From Journal of Family Practice, 3/1/04 by Daniel Triezenberg

* EVIDENCE-BASED ANSWER

Patients with suspected mitral valve prolapse (MVP) (Figure 1) should undergo echocardiography before any procedure that may place them at risk for bacteremia. Patients with MVP and documented absence of mitral regurgitation or valvular thickening likely do not need antibiotic prophylaxis against subacute bacterial endocarditis (SBE). Patients with MVP with documented mitral regurgitation, valvular thickening, or an unknown degree of valvular dysfunction may benefit from antibiotics during procedures that often lead to bacteremia (strength of recommendation: C).(1)

[FIGURE 1 OMITTED]

* EVIDENCE SUMMARY

Only disease-oriented evidence and expert opinion address prevention for endocarditis. A randomized trial would require an estimated 6000 patients to demonstrate benefit. (2)
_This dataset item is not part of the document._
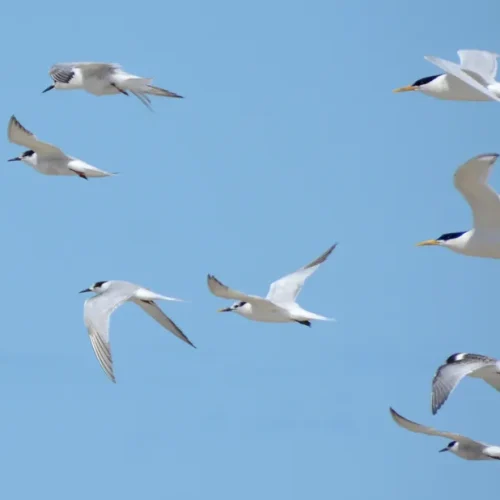 Granjas avícolas em Montenegro (RS), onde foi confirmado o primeiro foco de gripe aviária em granja comercial no Brasil, em 15 de maio de 2025.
Endocarditis occurs in MVP at a rate of 0.1 cases/100 patient-years. (3) However, MVP is the most common predisposing/precipitating cause of native valve endocarditis. (4,5) In animal models, antibiotics prevent endocarditis following experimental bacteremia. The antibiotic can be administered either just before or up to 2 hours after the bacteremic event. (2) It is worth noting that most bacteremia is not associated with medical procedures. Since endocarditis is often fatal, recommendations have been developed based on these animal models. Estimates of effectiveness of prophylaxis from case-control studies in humans (not limited to patients with MVP) estimate effectiveness from 49% to 91%. (2)

For patients with MVP who do not have evidence of mitral regurgitation on physical examination or echocardiography, the risk of morbidity may be greater from antibiotic therapy than the risk of endocarditis. Prophylaxis for these patients is not recommended. Patients with MVP associated with regurgitation are at moderate risk and may benefit from antibiotic prophylaxis.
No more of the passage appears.